Step(作业)
更新时间:2022-05-18
添加steps
作业是和集群相关联的资源,对作业的操作需要指定集群ID。
BMR支持多种类型的作业,不同类型的作业有不同的配置项。如下代码可向指定的hadoop类型的集群添加Custom Jar、Streaming、Hive、Pig作业。请注意:参考下面样例代码时,需要修改作业参数指定的BOS路径为您的账户可用的BOS路径。
steps = [
BmrClient.step(
'Java',
'Continue',
BmrClient.java_step_properties(
'bos://benchmark/hadoop/hadoop-mapreduce-examples.jar',
'org.apache.hadoop.examples.WordCount',
'bos://helloworld/input/install.log bos://tester01/sdk/output_java/out1'
),
'sdk-job-01'
),
BmrClient.step(
'Streaming',
'Continue',
BmrClient.streaming_step_properties(
'bos://helloworld/input/install.log',
'bos://tester01/sdk/output_streaming/out1',
'cat'),
'sdk-job-02'
),
BmrClient.step(
'Hive',
'Continue',
BmrClient.hive_step_properties(
'bos://chy3/hive/hql/hive_src.hql',
'--hivevar LOCAT=bos://chy3/hive/tables/src',
'bos://chy3/hive/data/hive_src.data',
'bos://tester01/sdk/output_hive/out1'
),
'sdk-job-03'
),
BmrClient.step(
'Pig',
'Continue',
BmrClient.pig_step_properties(
'bos://chy3/pig/script/pig_grep.pig',
input='bos://chy3/pig/data/pig_grep.data',
output='bos://tester01/sdk/output_pig/out1'
),
'sdk-job-04'
),
BmrClient.step(
'Spark',
'Continue',
BmrClient.spark_step_properties(
'bos://bmr-public-bj/sample/spark-1.0-SNAPSHOT.jar',
'--class com.baidu.cloud.bmr.spark.AccessLogAnalyzer',
'bos://bmr-public-bj/data/log/accesslog-1k.log bos://tester01/sdk/output/out'
),
'sdk-job-05'
),
BmrClient.step(
'Streaming',
'Continue',
BmrClient.streaming_step_properties(
'bos://helloworld/input/install.log',
'bos://tester01/sdk/output_streaming/out1',
'cat',
'cat',
'-libjars testB.jar'
),
'sdk-job-06',
[BmrClient.additional_file("bos://path/to/testA.jar", "testB.jar")]
)
]
try:
response = bmr_client.add_steps(cluster_id, steps)
LOG.debug('add steps response: %s' % response)
except BceHttpClientError as e:
if isinstance(e.last_error, BceServerError):
LOG.error('add_steps failed.

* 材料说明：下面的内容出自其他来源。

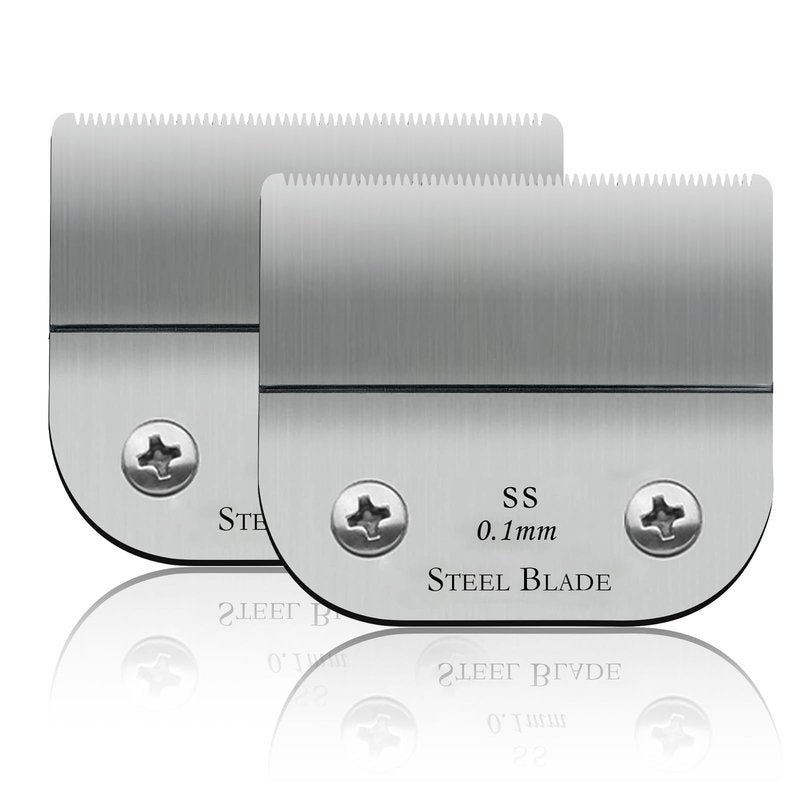2 Packs Model #64160 Professional Detachable Replacement Stainless-Steel Blades,Cut Length 1/150"(0.1mm),compatible with Andis Ultraedge Outliner Blade/oster Classic 76/Star-Teq/Power-Teq/A5 Clipper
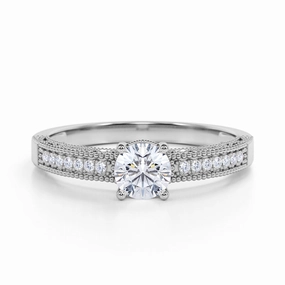 Refined Jewelry Beautiful Trinket Pave Set Prong Basket 0.50 ct TDW European Round Cut Diamond and Vintage Milgrain Engagement Ring in White Gold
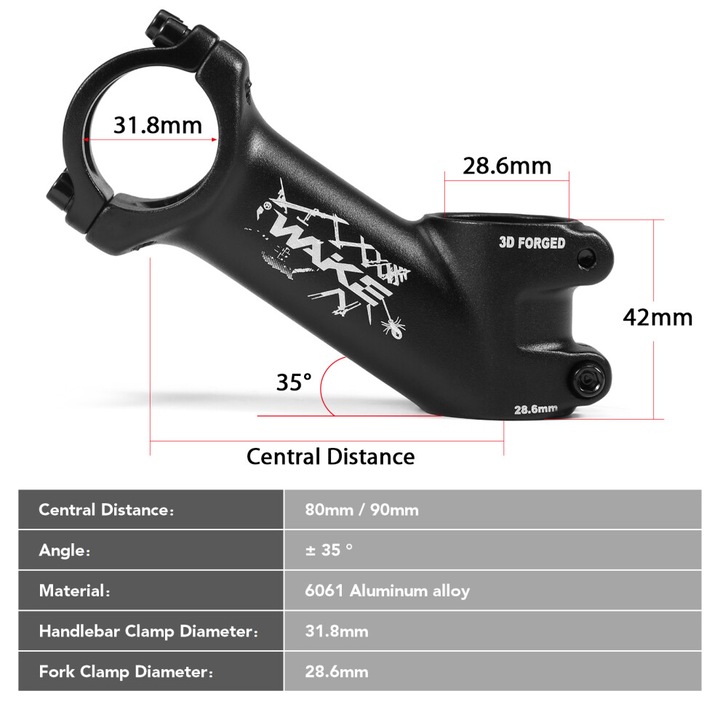 Pipa bicicleta 35 grade ultrausoara aluminiu 80x31.8mm, 90x31.8mm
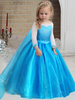 Frozen 2 Elsa la Reine des Neiges Robe cou manches longues longueur de cheville une ligne plissée formelle enfants robes historique robe princesse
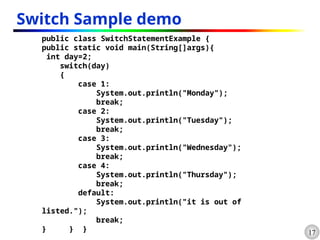 17
Switch Sample demo
public class SwitchStatementExample {
public static void main(String[]args){
int day=2;
switch(day)
{
case 1:
System.out.println("Monday");
break;
case 2:
System.out.println("Tuesday");
break;
case 3:
System.out.println("Wednesday");
break;
case 4:
System.out.println("Thursday");
break;
default:
System.out.println("it is out of
listed.");
break;
} } }
 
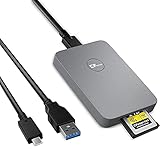 CFexpress Kartenleser, USB 3.1 Gen 2 10Gbps CFexpress Type B Kartenleser,Aluminium-CFexpress-Kartenadapter Type B, Thunderbolt 3-Port-Anschluss mit USB-C- und USB-A-Kabel für PC/Laptop/T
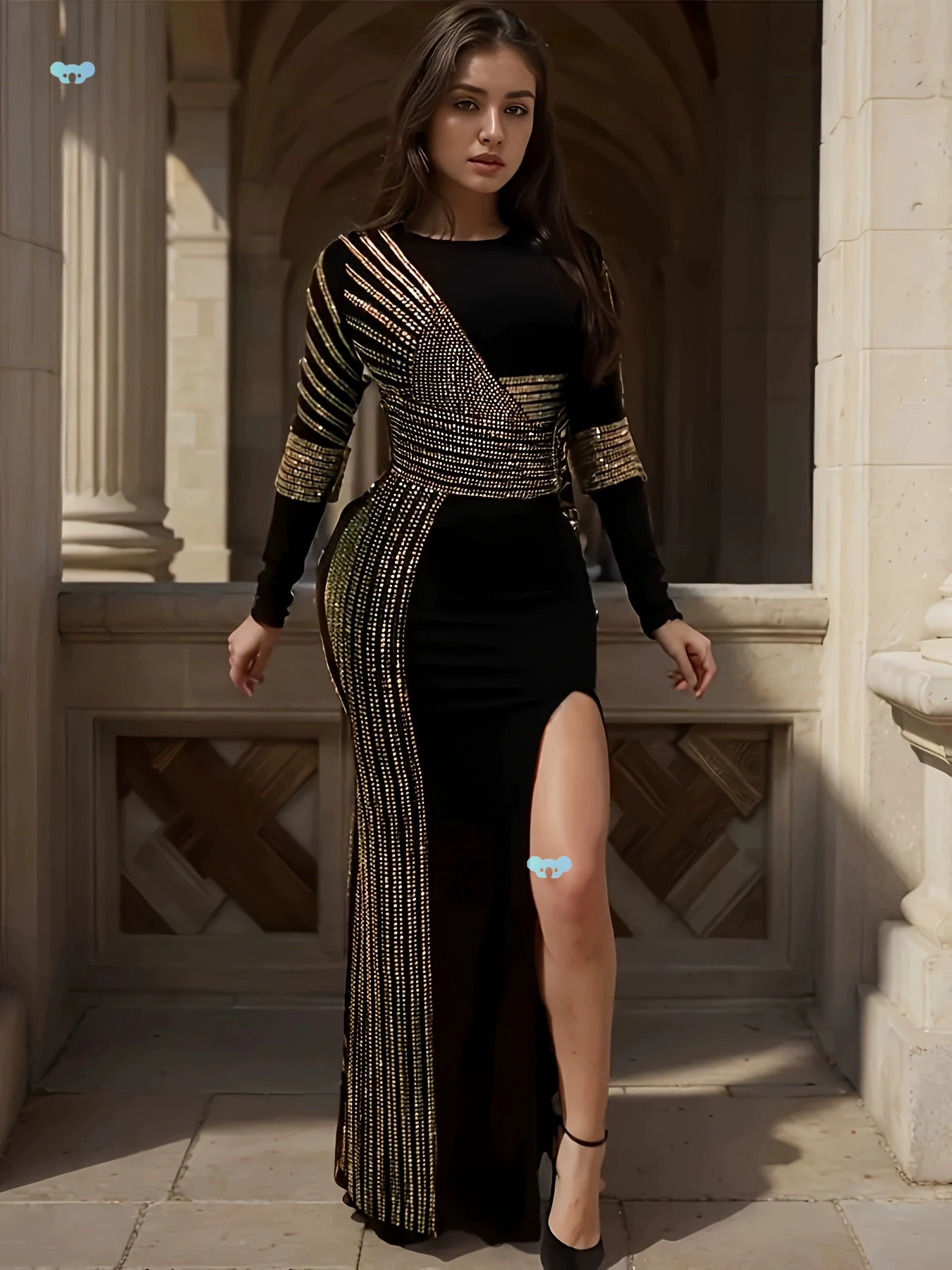 Элегантное облегающее платье со стразами, сексуальное платье с длинным рукавом до бедра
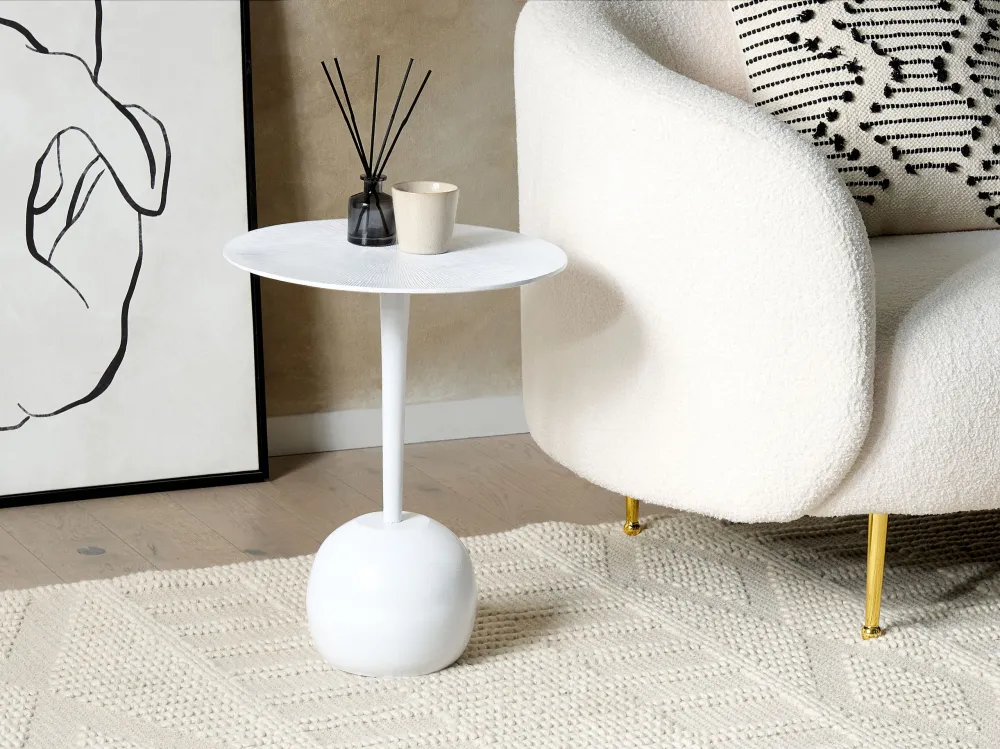 Metal Side Table Branco EUCLA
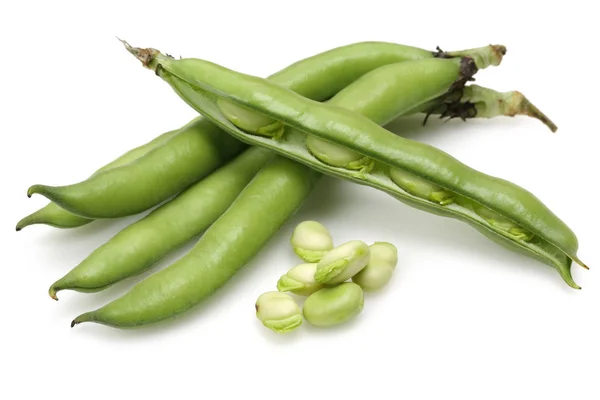 Fresh green broad bean isolated on white — Stock Photo, Image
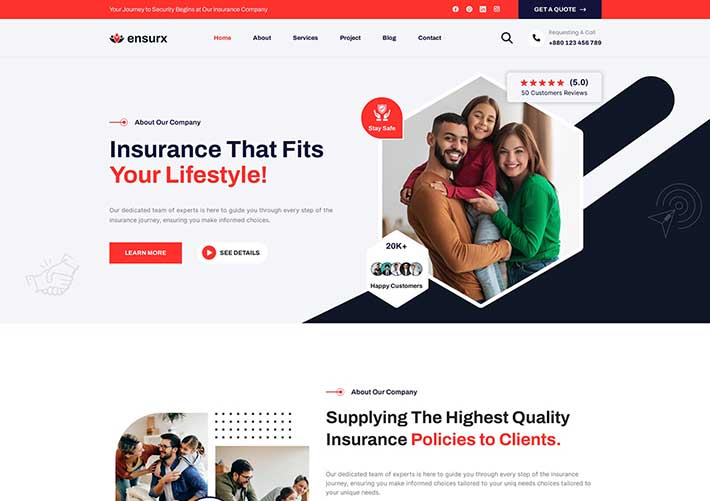 響應式多業態保險公司商業代理服務企業網站網頁HTML模板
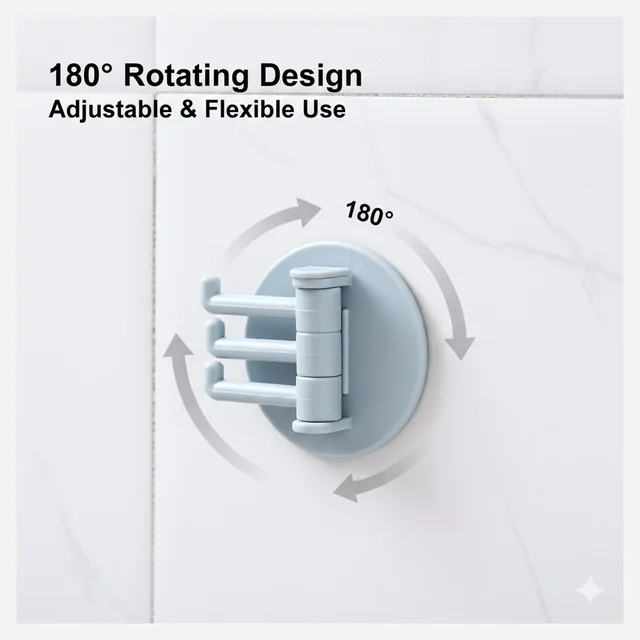 Punch-Free Sticky Hook – 3-Hook Rotating Organizer | GlimmerHome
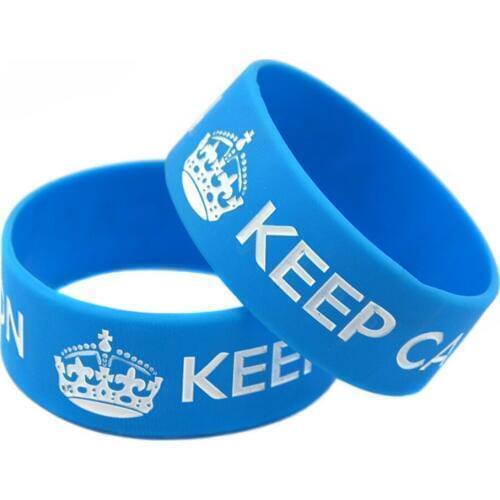1PC Keep Calm and Carry On Motivational Silicone Wristband 1 Inch Wide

Response %s, code: %s, msg: %s'
% (e.last_error.status_code, e.last_error.code, e.last_error.args))
else:
LOG.error('add_steps failed. Unknown exception: %s' % e)
列出全部steps
如下代码可以罗列出指定集群上的全部作业,用户可以通过指定pageNo和pageSize来限制一次请求返回的最大作业数目:
try:
response = bmr_client.list_steps(cluster_id, pageNo=1, pageSize=50)
for step in response.steps:
LOG.debug('list step %s: %s' % (step.id, step))
except BceHttpClientError as e:
if isinstance(e.last_error, BceServerError):
LOG.error('list_steps failed. Response %s, code: %s, msg: %s'
% (e.last_error.status_code, e.last_error.code, e.last_error.args))
else:
LOG.error('list_steps failed. Unknown exception: %s' % e)
查询指定的step
如下代码可以查看指定作业的信息:
try:
response = bmr_client.get_step(cluster_id, step_id)
LOG.debug('describe step response: %s' % response)
except BceHttpClientError as e:
if isinstance(e.last_error, BceServerError):
LOG.error('get_step failed. Response %s, code: %s, msg: %s'
% (e.last_error.status_code, e.last_error.code, e.last_error.args))
else:
LOG.error('get_step failed. Unknown exception: %s' % e)